Rushworth has been an artist as long as she can remember. When she was 3 and her tonsils were removed, her parents asked what toy she wanted for her hospital stay. Pencils and paper, she said, so she could draw.

By the time she finished high school in Ontario, Canada, the school board hired her to paint a mural of the students and teachers in her class.

Her skills were honed in a summer job doing chalk portraits at a place similar to Seattle Center.

“I did 500 pictures that summer. It was intense; the subjects were usually wiggling children and I had to satisfy the customer on the spot,” Rushworth said. “It was good training.”

Oil portraits take considerably longer, weeks instead of minutes. She averages 10 to 12 a year, depending upon how many subjects are included.

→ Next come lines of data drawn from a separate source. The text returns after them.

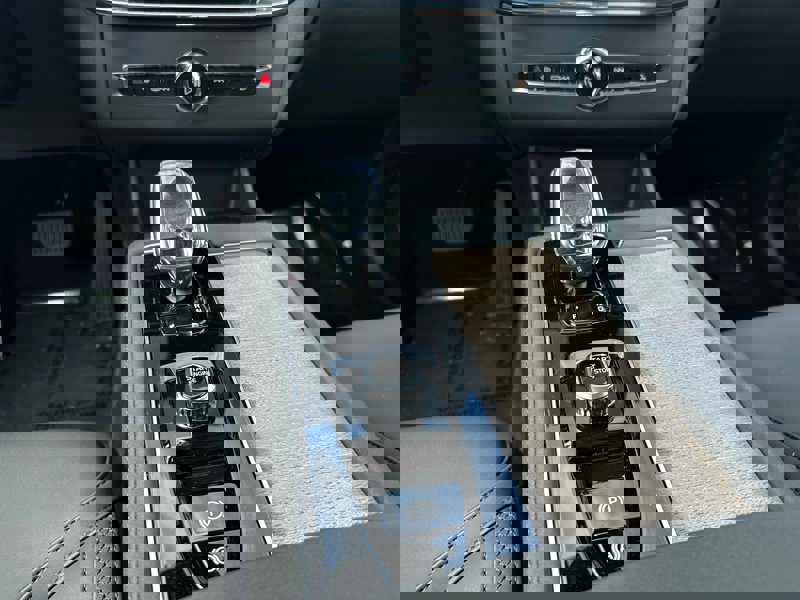 Used 2025 Volvo XC90 T8 Core w/ Climate Package image 13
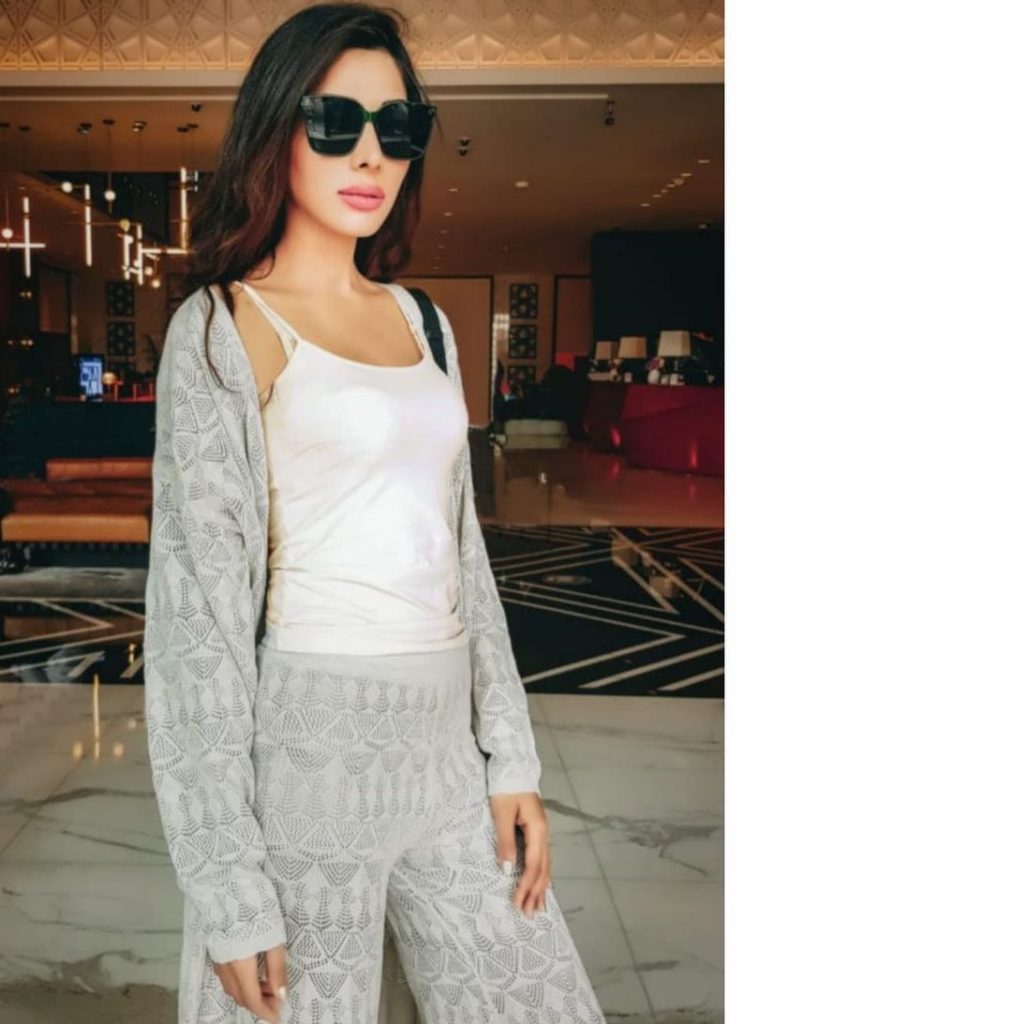 Eshal Fayyaz Enjoying Vacations In Dubai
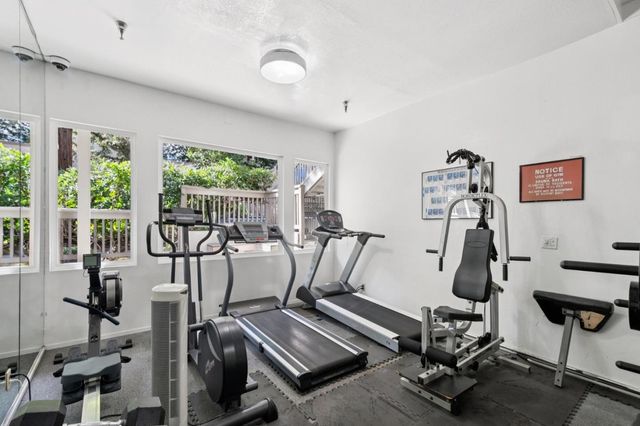 19417 Vineyard Lane, Saratoga, CA 95070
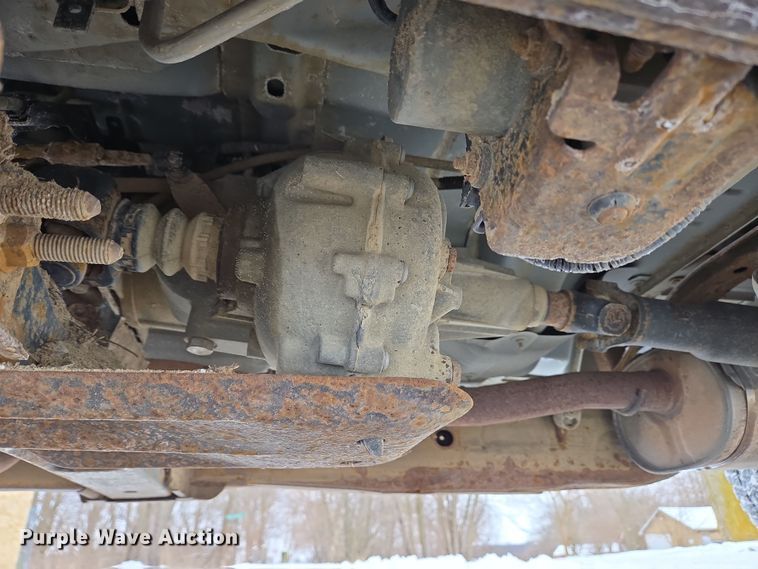 image for item EC4010 2013 Chevrolet Silverado 1500 pickup truck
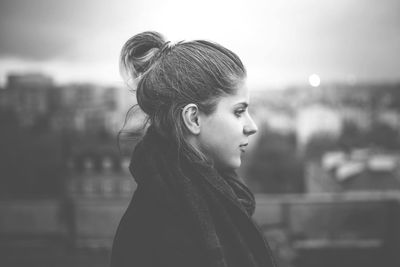 Close-up portrait of young woman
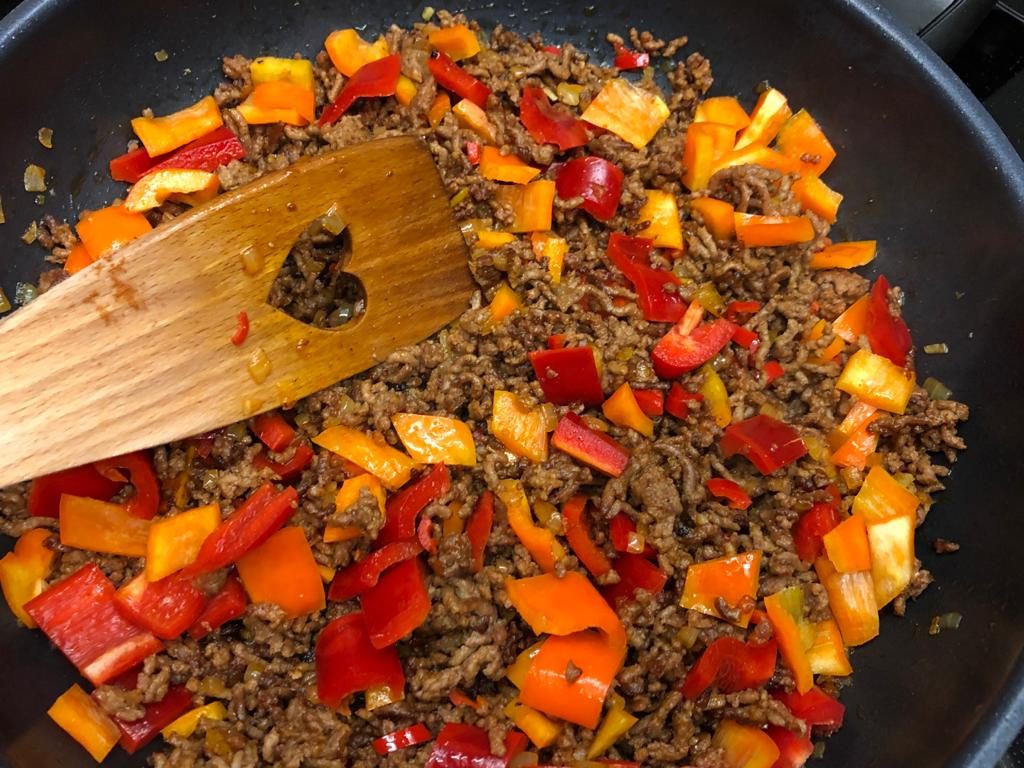 Paprika zum Hackfleisch geben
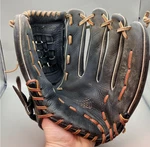 Rawlings B5PP12 Black Player Preferred Right Hand Throw Glove. Fixed Price $16.87.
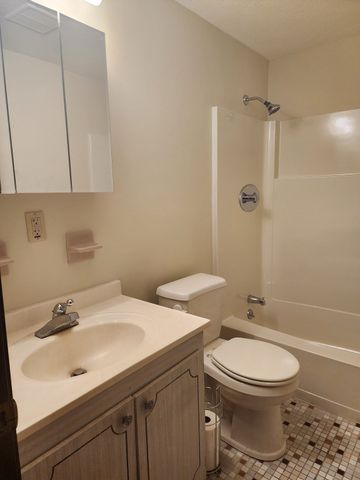 52 Swanson Ct B34, Boxborough, MA 01719
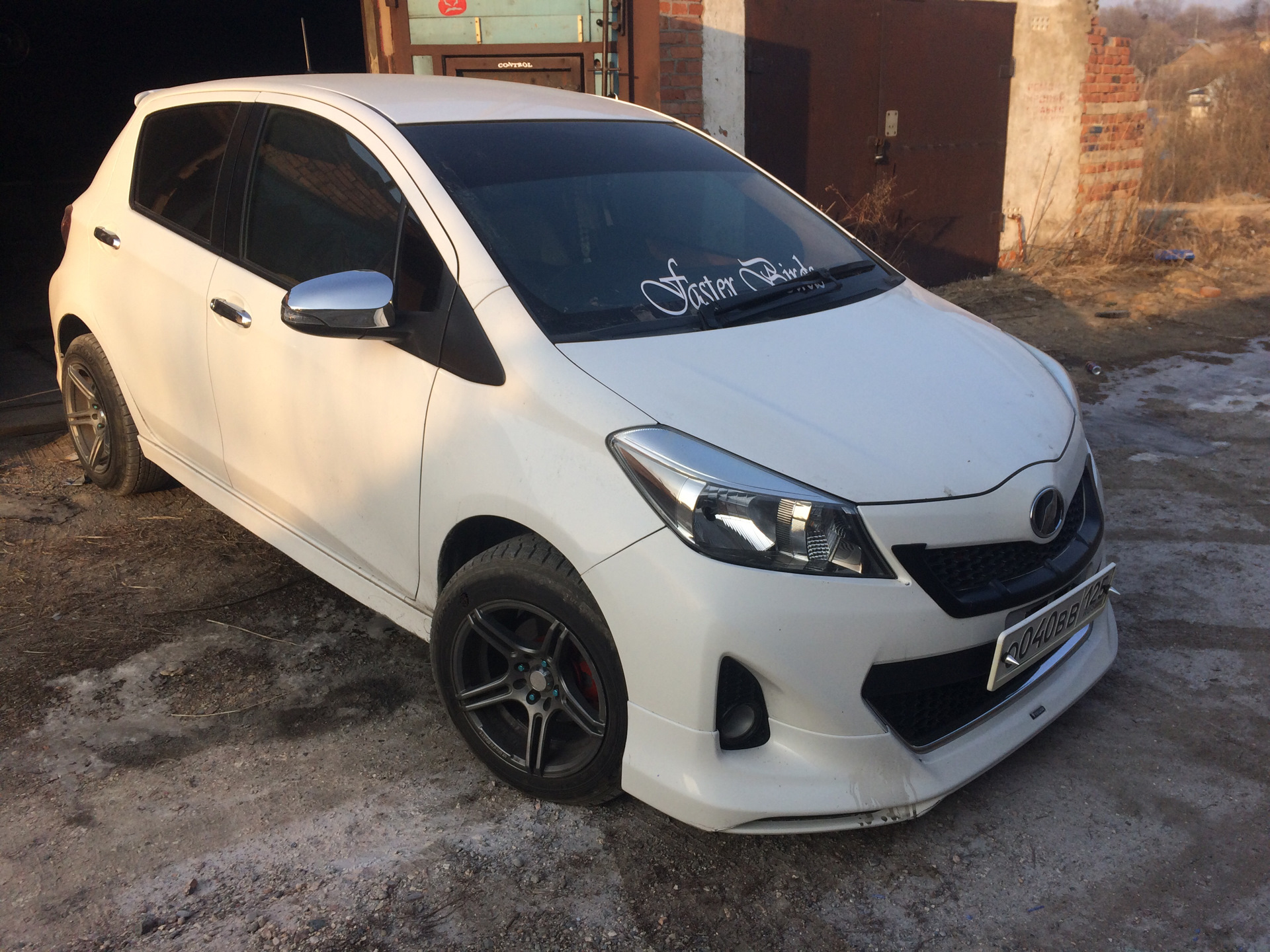 Vitz RS 2015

A painting is only finished, said the 47-year-old, when the customer is satisfied that it reflects an expression of the subject’s life.

Rushworth’s waiting list is nearly a year. She is so busy she no longer enters competitions or displays in galleries the way she did 15 years ago when she lived on the East Coast.

A portrait of a single person starts at $4,000.

But unlike the personal paintings that hang throughout her house and studio, the commissioned portraits stay finished.

“I’m always taking paintings off my own wall and making changes years later,” she said.